We establish a benchmark model of innovation that provides a straightforward procedure for estimating relative magnitudes of long-run macroeconomic impact of a range of innovation policy options. The procedure gauges approximate impact of two innovation policies on macroeconomic outcomes quite simply, through computing and comparing the government’s fiscal expenditure on these two policies. Two innovation policies have approximately the same impact on aggregate innovation, output and productivity in the long run if they have the same fiscal impact on taxpayers.
The response of economic welfare and GDP over the long run to changes in innovation policy is highly sensitive to the size of innovation spillovers; welfare gains could vary between virtually no change and a 50 percent increase in equivalent consumption, depending on spillover size.
Unfortunately, we cannot accurately measure these long-run effects without accurate estimates as to the magnitude of innovation spillovers. Results from our model indicate, however, that even under ideal conditions, it should be very difficult to measure spillovers using data on medium-term response of the macroeconomy from changes in innovation policy. That is, evidence from the medium term is not likely to help differentiate long-run effectiveness because all policies have similar medium-term outcomes regardless of the size of spillovers.
The clearest policy implication of our research is that to the extent that policymakers choose to subsidize innovative activity by firms, they should consider the full set of tax and regulatory policies that impact aggregate innovation through firm profitability. Taxing corporate profits or enacting regulations that make it more costly for firms to start up or operate has a significantly negative influence on innovation, undercutting the stimulative impact of R&D subsidization. The net effect may be to depress, rather than encourage, innovation by firms.
Introduction1
National policymakers have long been interested in technological innovation and its potential contribution to economic growth and improved well-being. The Obama administration has embraced innovation as “the foundation of American economic growth and national competitiveness.” In launching the “Strategy for American Innovation” in November 2010, the president remarked, “[T]he key to our prosperity … as it has always been—will be to compete by developing new products, by generating new industries, by maintaining our role as the world’s engine of scientific discovery and technological innovation.”2
Policies to encourage innovation by firms include government funding for research and development (R&D), direct and indirect subsidies, tax credits and other tax benefits, such as deductibility of research expenses. Other policies not typically thought of as aimed at stimulating innovation, such as the corporate profits tax, also impact firms’ decisions to innovate. But to channel support effectively, policymakers need to know which policies are most successful in spurring innovation at companies, given their fiscal cost to taxpayers, and to what extent the firm-level innovation induced by these policies truly generates broader economic growth. Also important to policy: What factors influence the effectiveness of innovation subsidies in promoting economic well-being over the long term?
In particular, the idea that innovative activity by firms has “spillovers” that promote the wider diffusion (intentional or inadvertent) of new innovations and knowledge created at just one location, firm or industry is central in justifying government subsidies for innovation. As a result, we want to know how important these spillovers are for the economy as a whole.

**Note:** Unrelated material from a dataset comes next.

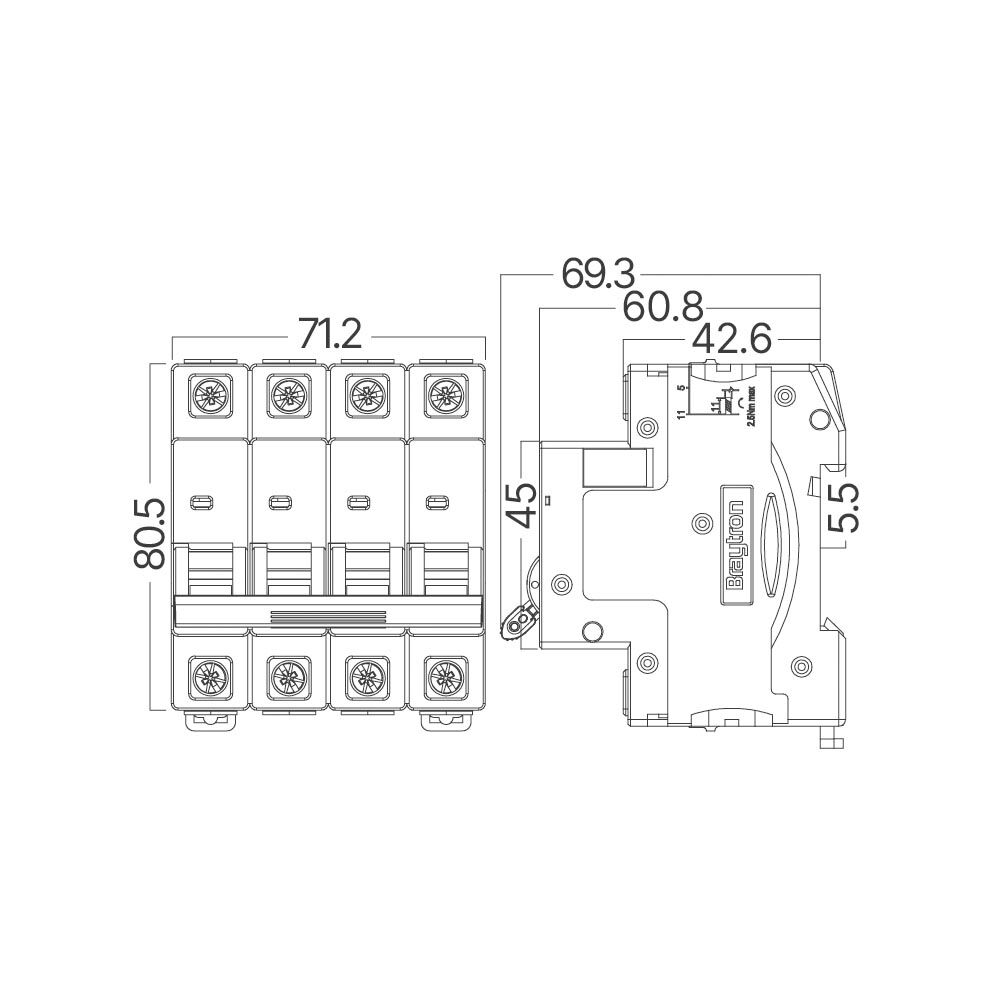 BRY-BMG1-4 C25-25A-4P C TYPE 4.5KA-MCB - 4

Economists who study these issues have generally followed two paths. The first is an effort to understand the impact of policy on innovation decisions taken by individual firms—the companies that develop new products and services or improve methods of production or service delivery. More relevant for overall economic well-being, the second looks at the macroeconomy, seeking to measure policy impact on a national level: To what extent do policies to encourage innovation generate broad economic growth? For the most part, these approaches have rarely intersected, leaving a significant gap in our knowledge of the mechanisms through which policy initiatives may or may not improve the economic well-being (or welfare) of Americans.
This policy paper reports on our effort to fill that gap by combining these two perspectives, the micro and the macro, thereby providing greater insight into several key considerations in innovation policy. (See “Aggregate Implications of Innovation Policy,” Minneapolis Fed Staff Report 459, revised September 30, 2011.) The overarching issue is: How do policies that affect firms’ innovation costs and benefits impact aggregate output, productivity and welfare?

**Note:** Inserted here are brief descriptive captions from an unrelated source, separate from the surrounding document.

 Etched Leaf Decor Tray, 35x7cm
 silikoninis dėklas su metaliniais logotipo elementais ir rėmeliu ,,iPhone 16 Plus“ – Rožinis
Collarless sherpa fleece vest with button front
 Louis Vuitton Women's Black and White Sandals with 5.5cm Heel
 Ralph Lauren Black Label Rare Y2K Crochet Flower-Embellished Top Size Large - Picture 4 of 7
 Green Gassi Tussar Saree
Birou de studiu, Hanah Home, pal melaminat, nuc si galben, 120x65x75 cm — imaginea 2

To answer this question, we have designed an economic model that is sufficiently detailed to capture the dynamic decisions of individual firms in response to innovation policy changes, yet is still mathematically manageable, allowing us to aggregate these many firm-level decisions and thereby gauge overall policy impact at the economywide (or “aggregate”) level on output, productivity and economic well-being.
We break our analysis into two parts. In the first, we study which policies are most efficient in the long run in balancing their fiscal cost to taxpayers against their benefits in stimulating overall innovative activity by firms, including both those firms that are already operating when the policy is put in place and those that will enter under the new policy regime.
In the second part, we study how a policy-induced increase in innovative activity by firms impacts aggregate output, productivity and welfare (taking into account the fiscal cost to taxpayers of the policies used to stimulate that innovation) over both the long run and a medium-term horizon of 15 years.
Our research gives new answers to both of these questions.
Consider first the balance between the fiscal cost of various innovation policies and their effectiveness in stimulating innovative activities by firms. The standard analyses of fiscal efficiency of innovation policies attempt to fathom the many intricate details of the effects of the new policies on individual firms’ decisions about changing investments.3 By contrast, in our research, we embed a model of firms’ innovation decisions in an overall model of the macroeconomy and show that with such a model, we can estimate the policy effectiveness of stimulating innovative activity simply by calculating the approximate impact of that policy on the profitability of new firms that might enter under this new policy.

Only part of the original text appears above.